Mister En and I began working together, and have been about two, three times a week since then. A couple weeks ago, I began working with a few more kids for my Wednesday Group, and I actually decided to keep him mostly separate. He's the only boy, he's terrible in a group, and I figured it was not worth the trouble. When he stays after with me, he stays on a different day.

However, I actually had him for a period with another of my students, Loud Girl. Now, Loud Girl and Shy Girl are actually best friends, and terrible when they're together. When they're apart, though...well. Shy Girl is not terrible. She gets her work done, but she doesn't hand it in, so. We're working on that.

Loud Girl is key to getting my group to like me. Or was key, I should say, because ever since she found out my actual age, she's been all over me. But I'm distracting myself from my point.

I had Mister En and Loud Girl together in a room and Mister En was...polite. I've only ever had him in a situation where he was with me, solo, or with me and thirty other kids, at which point he becomes someone who cannot and will not behave in any shape or form. But Loud Girl engaged him in conversation numerous times - despite my attempts at getting her to focus - and he responded. Politely.

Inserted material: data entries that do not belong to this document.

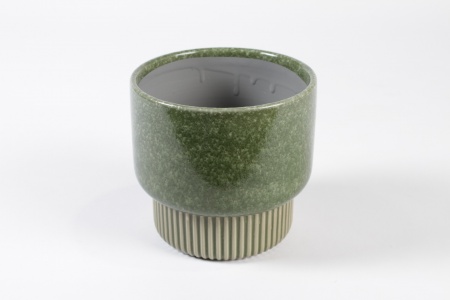 Cache-pot en céramique vert olive D17.8cm H16cm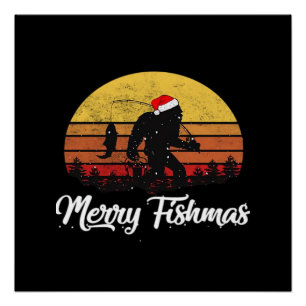Bigfoot Kerstmis Sinterklaas Hoed Prettig VisKerst Perfect Poster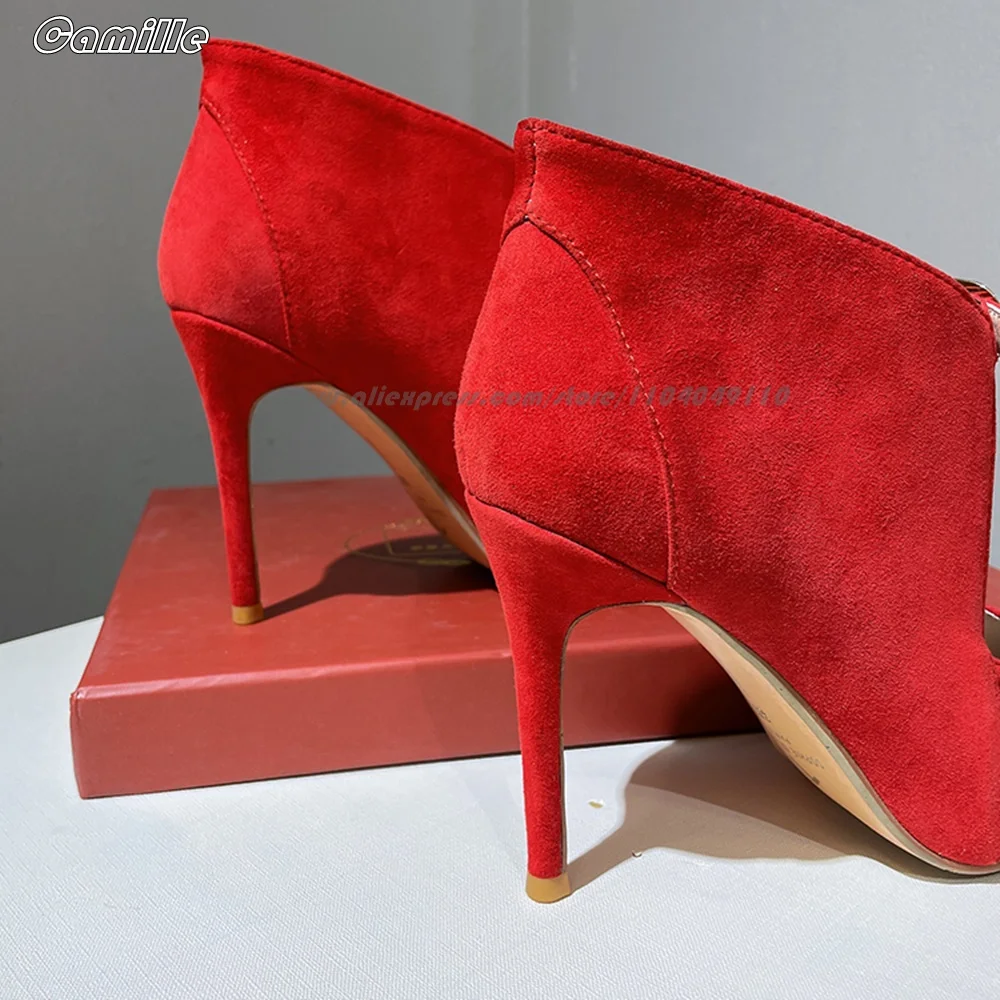 Rote Wildleder-Schnallenriemen, sexy Damen-High-Heels, spitze Zehen, Größe 34–39, Laufsteg-Stil, Grace-Pumps, 10 cm Absatz, ein Wort, Gürtel, High Heels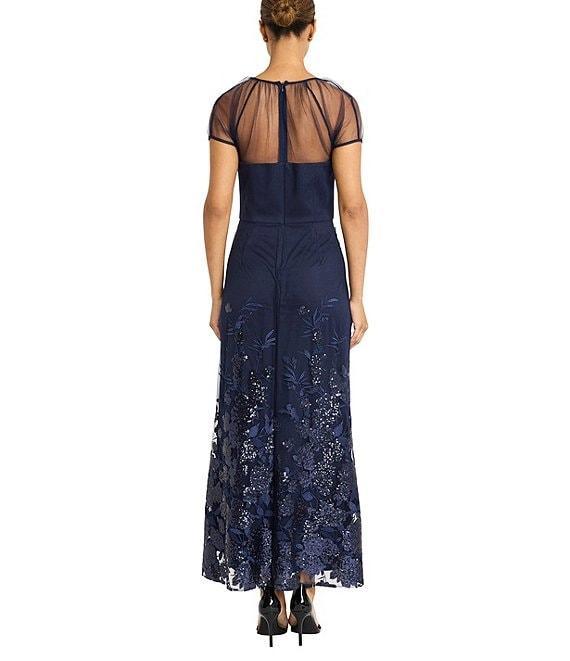 Maggy London Illusion Sweetheart Neck Draped Sequined Mesh Sheath Gown Product Image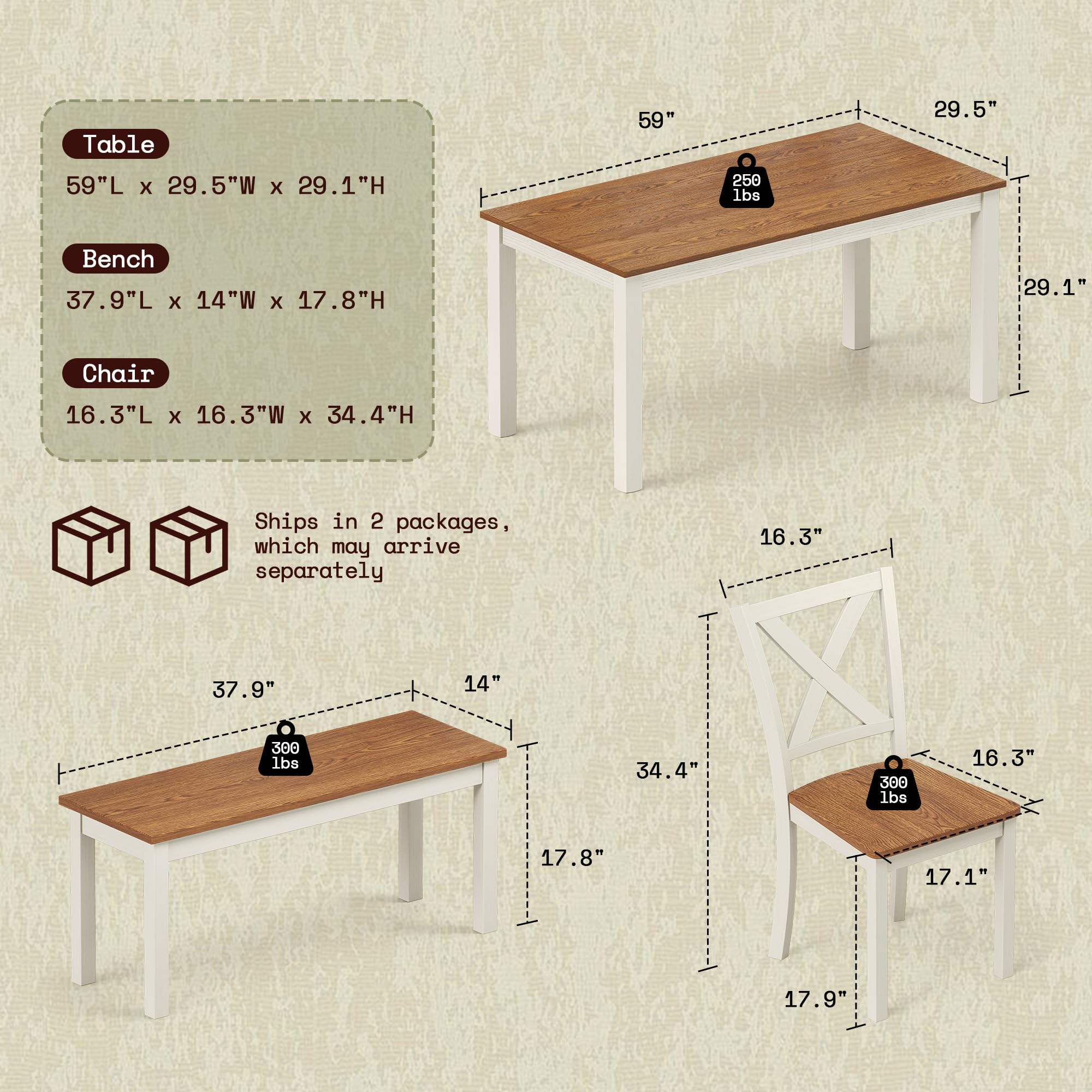 6-Piece Farmhouse Dining Table Set with Bench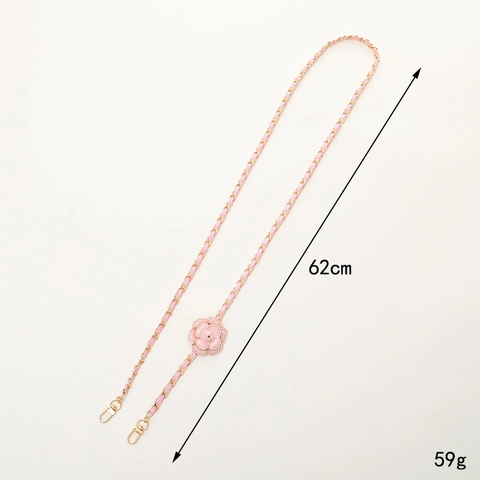 Camellia Flower Decorative Bag Strap Metal Chain Woven With PU Leather Crossbody Phone Lanyard Accessory For Women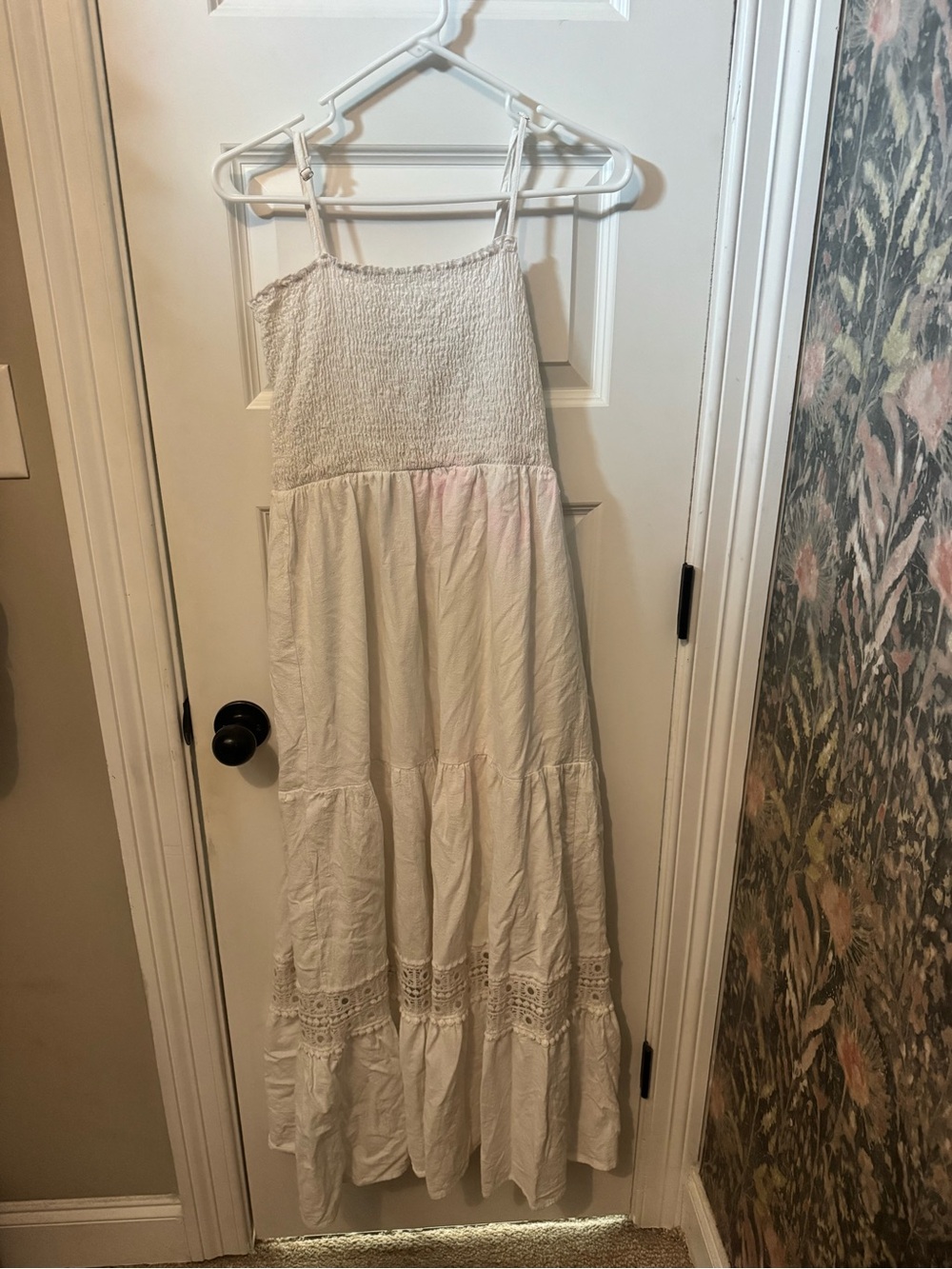 Girls' White Smocked Maxi Dress with Crochet Trim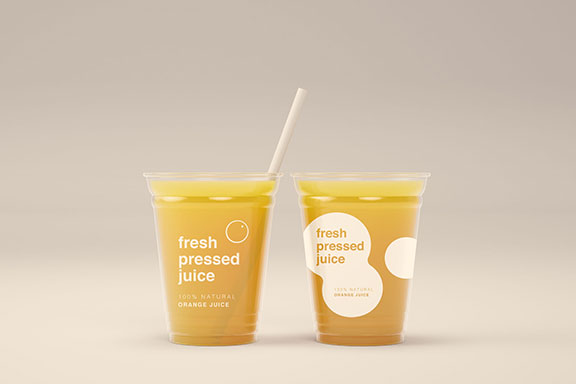 一次性果汁饮料包装设计提案塑料杯展示样机 Juice Cups Mockup PSD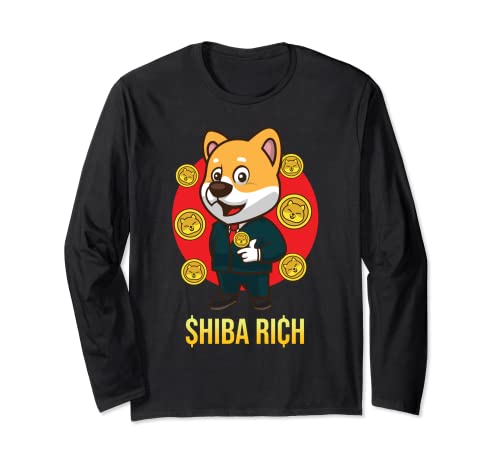 Funny Shiba Inu Crypto Coin Millionaire Cryptocurrency HODL Maglia a Manica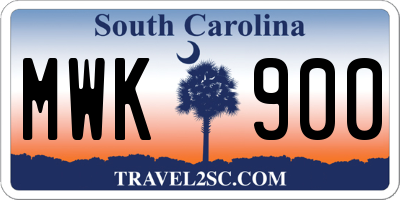 SC license plate MWK900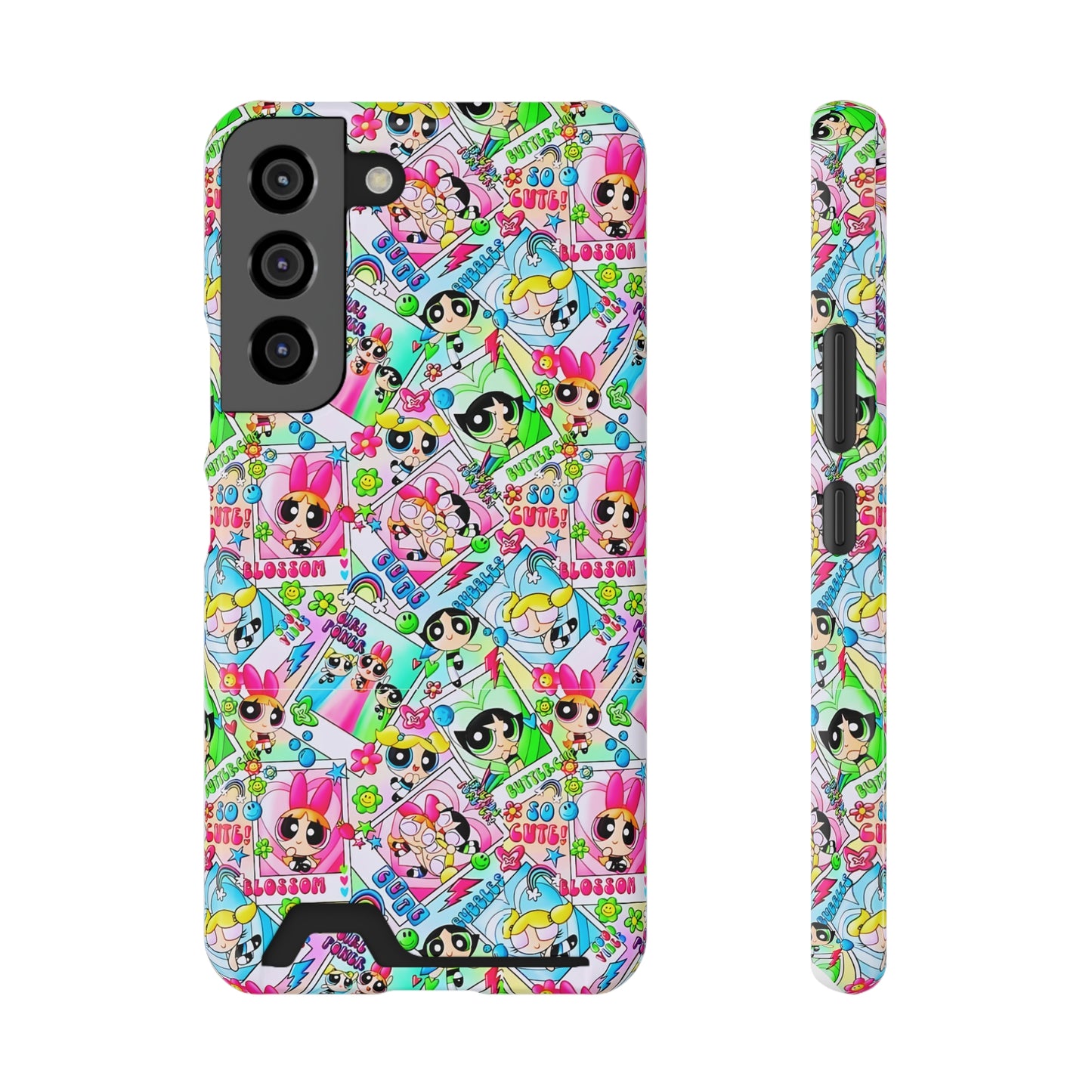 Stylish Power Puff Girls, Phone Case With Card Holder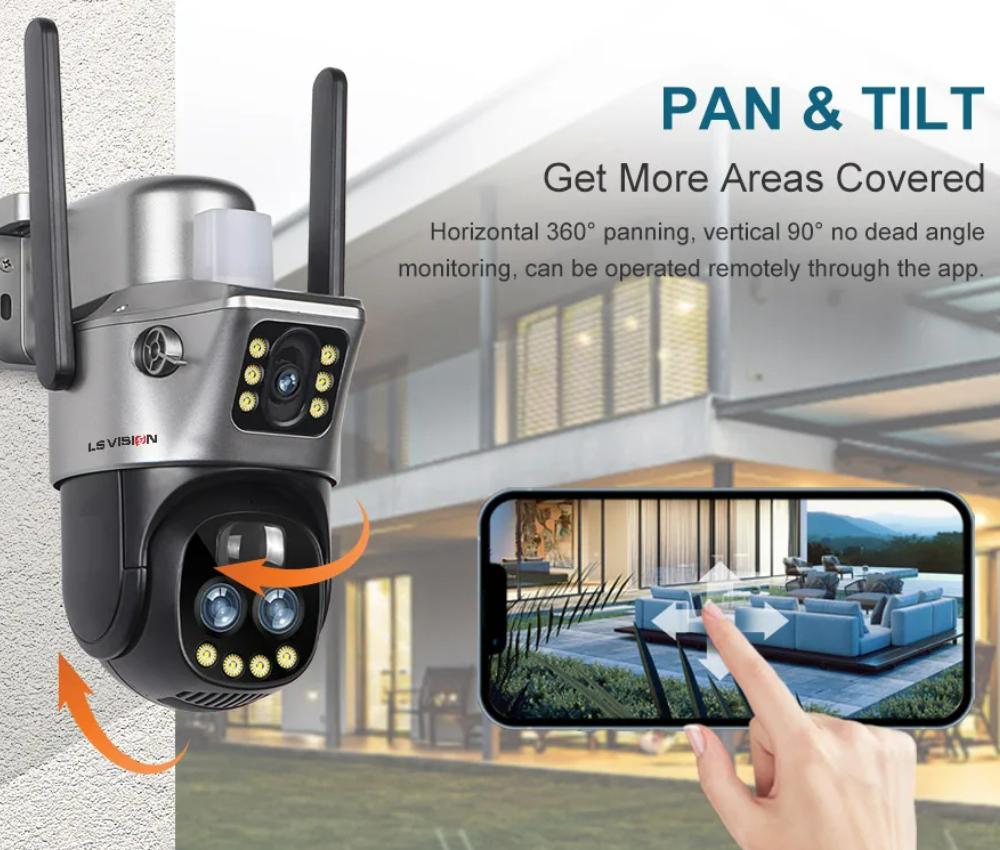 LS VISION Dual Screen WIFI Or 4G SIM Solar Camera 10X Zoom Outdoor Cameras With Light Alarm Auto Tracking PTZ CCTV Cameras IP66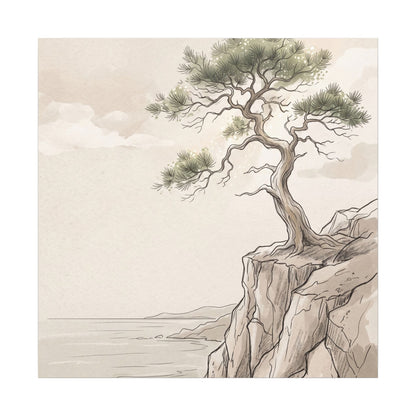 Japandi Pine Tree in Dappled | Minimal Line Canvas Art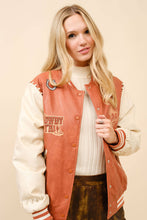 36164J - Faux Leather Western Embroidered Bomber Jacket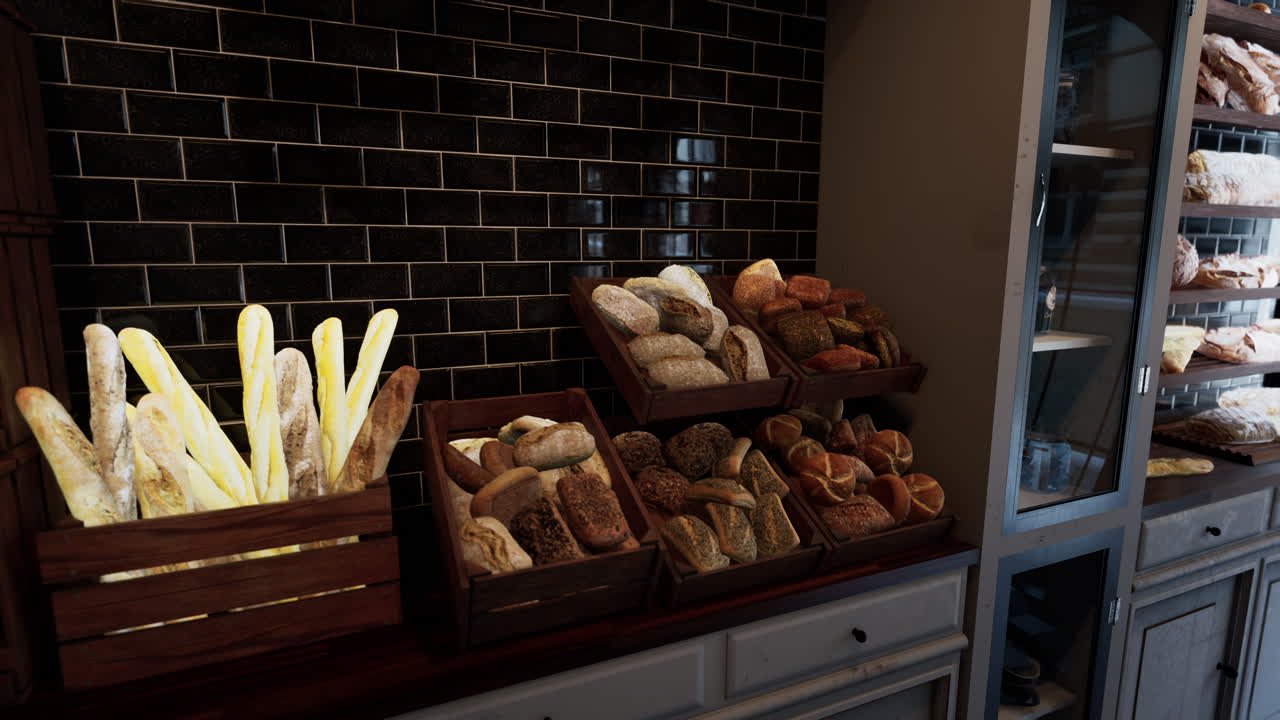 A bakery with a variety of breads and pastries on display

However, Loud Girl is currently under the impression that she's the first kid I began working with, since I started working with her about a week before the start of Wednesday Group. So, I've got Mister En in there with her, and while she's supposed to be working on the first half of a Spanish packet, Mister En and I are just finishing up that packet for him to hand in later.

Mister En: But this is stupid. I don't wanna do this. ("Stupid" is one of his favorite words, and one of my least. It loses all meaning after the millionth time you hear it come out of a student's mouth.)
Me: Aww, too bad. Now, read me th-
Loud Girl, Interrupting: You can't say things under your breath. [SVT]'ll hear you. She's young.
Mister En, staring with a look on his face that says "what is this girl talking about?": Uh, I know. I was talking to her.

And the staring contest begins.

It was over in a matter of seconds, but I've never been fought over by students before! It was kind of adorable.